Risk-Stratified Analysis of High-Risk Pathologic Findings in Female to Male Transgender Patients Undergoing Gender-Affirming Chest Masculinization Surgery
Madeleine K. Bruce, BA1, Walter J. Joseph, MD1, Lorelei Grunwaldt, MD2, Vu T. Nguyen, MD1, Carolyn De La Cruz, MD1
1Department of Plastic Surgery, University of Pittsburgh Medical Center, Pittsburgh, PA; 2Private Practice, Pittsburgh, PA
Background: Chest masculinization surgeries are one of the most common gender-affirming procedures performed. There is a need for better understanding of the risk of breast cancer and post-surgical screening in female to male (FtM) individuals. This study aimed to evaluate the incidence of high-risk pathologic findings in FtM transgender patients undergoing gender-affirming chest reconstructive surgery.
Methods: Medical records were reviewed from all FtM transgender patients undergoing gender-affirming chest reconstructive surgery from January 2010-February 2021 by three plastic surgeons at the University of Pittsburgh Medical Center (UPMC) Magee Women's Hospital and Children’s Hospital of Pittsburgh.

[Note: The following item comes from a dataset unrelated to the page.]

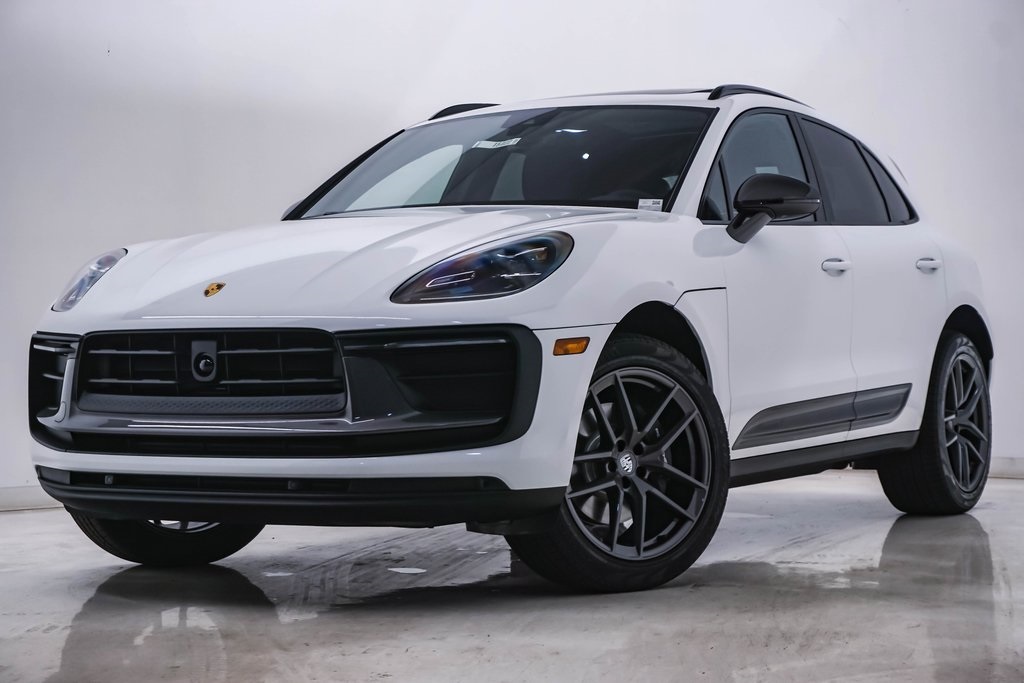 2025 Porsche Macan T 1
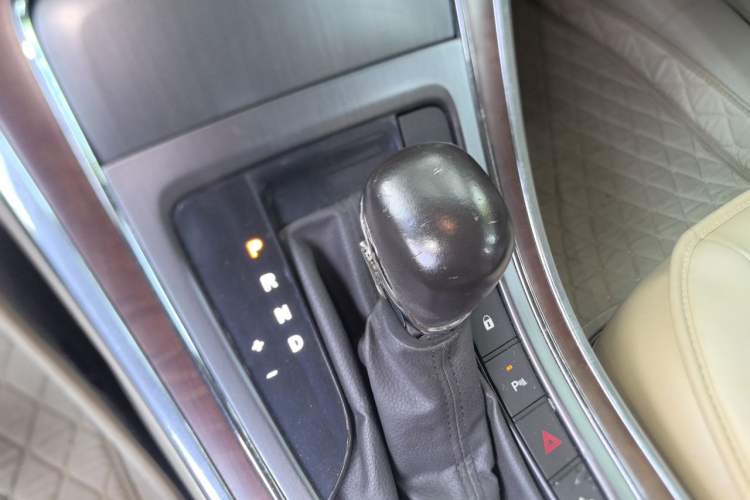 Used Roewe 950 2012 2.0L Comfort Edition Gear Lever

RR of malignant progression was used to stratify pathologic data (Table 1). Subsequent management of atypical, in situ, and invasive pathology were also recorded.
Results: A total of 318 patients were included in this study; the average age at surgery was 24.6 ± 8.1 years. The mean specimen weight was 574.0 ± 416.8 grams. Eighty-six patients (27%) had a family history of breast and/or ovarian cancer. Overall, 21 patients (6.6%) had some increased risk of breast cancer: 17 (5.3%) had proliferative lesions, mean age 38.2±12.4 years; 2 had atypical ductal hyperplasia (ADH), ages 33.4 and 38.3 years; and 2 had invasive ductal carcinoma (IDC). One patient with ADH had documented follow up at the high-risk breast cancer clinic; risk reducing medication or further surgery was not recommended. One patient with IDC (40.6 years at time of surgery) underwent preoperative breast MRI at request of the plastic surgeon due to extensive personal and family history of cancer, and prior to mastectomy, was diagnosed with IDC upon ultrasound-guided biopsy. Following mastectomy, the patient underwent chemotherapy and radiation therapy, and unfortunately the cancer progressed and is now metastatic. The other patient, aged 35.4 years at time of surgery, had an incidental finding of IDC on pathology, they did not have a history of breast biopsy or family history of cancer. Following mastectomy, the patient underwent genetic testing and ultrasound of the axilla both of which were negative. This patient is currently on tamoxifen, with plans to continue for 5 years.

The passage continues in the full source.